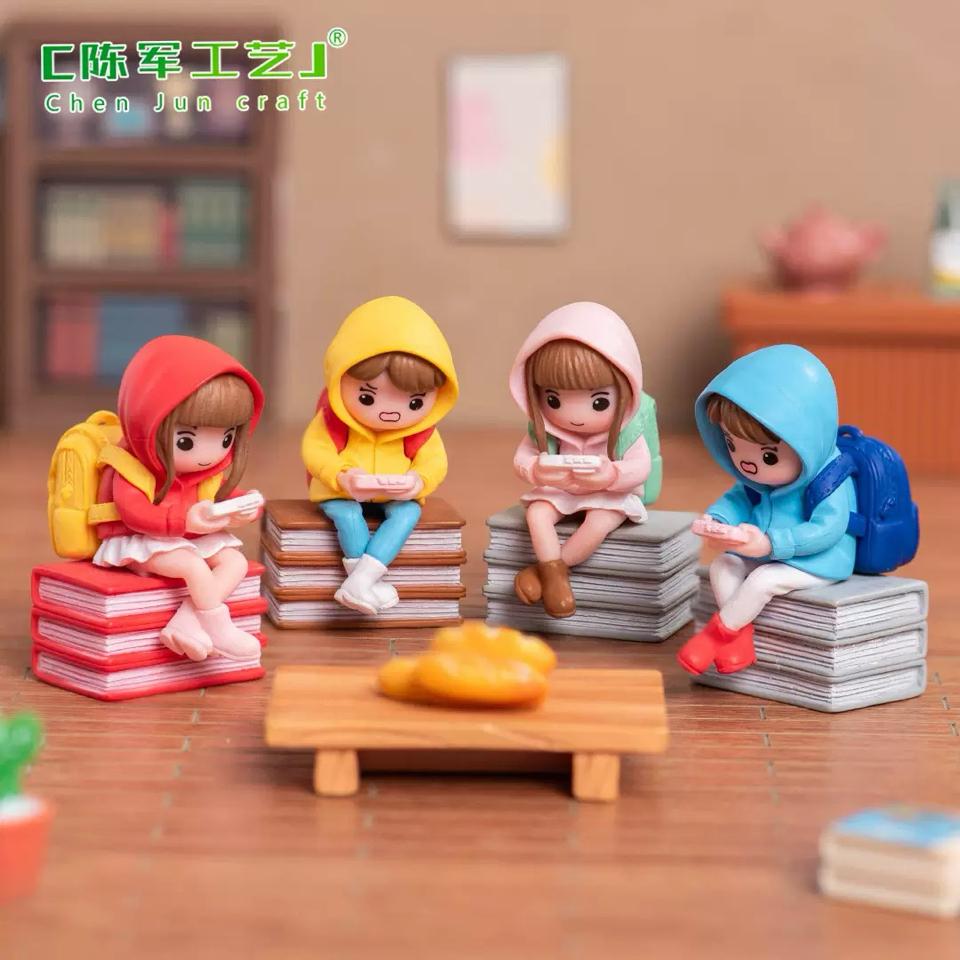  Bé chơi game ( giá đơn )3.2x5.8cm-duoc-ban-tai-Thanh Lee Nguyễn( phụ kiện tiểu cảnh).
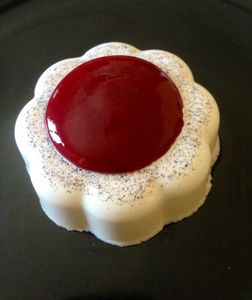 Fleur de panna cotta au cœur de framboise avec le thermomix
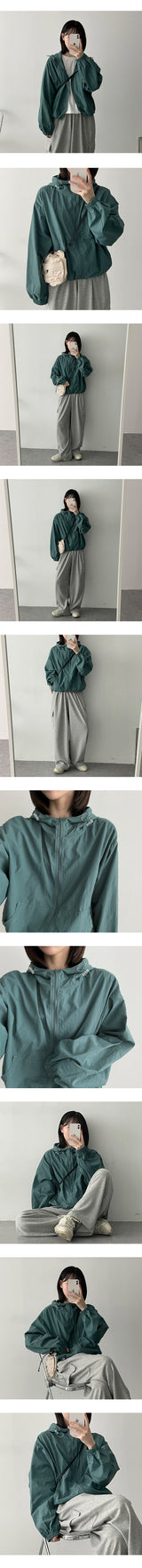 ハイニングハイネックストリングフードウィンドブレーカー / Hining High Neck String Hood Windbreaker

■ ■ ■

**Task brief**
Omit pictures; set down the rest of the material word for word.

**Answer for the task**
  Bé chơi game ( giá đơn )3.2x5.8cm-duoc-ban-tai-Thanh Lee Nguyễn( phụ kiện tiểu cảnh).
 Fleur de panna cotta au cœur de framboise avec le thermomix
 ハイニングハイネックストリングフードウィンドブレーカー / Hining High Neck String Hood Windbreaker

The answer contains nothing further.